Aim of the task:
Without any images, write the data out exactly as it appears.

Given data:
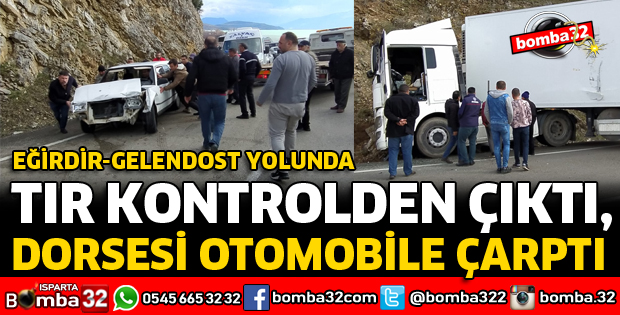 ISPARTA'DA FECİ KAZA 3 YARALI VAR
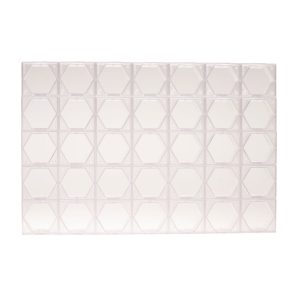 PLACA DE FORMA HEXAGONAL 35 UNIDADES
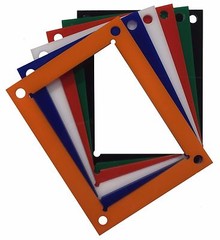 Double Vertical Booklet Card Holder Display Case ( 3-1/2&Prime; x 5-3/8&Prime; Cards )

Completed exercise:
 ISPARTA'DA FECİ KAZA 3 YARALI VAR
 PLACA DE FORMA HEXAGONAL 35 UNIDADES
 Double Vertical Booklet Card Holder Display Case ( 3-1/2&Prime; x 5-3/8&Prime; Cards )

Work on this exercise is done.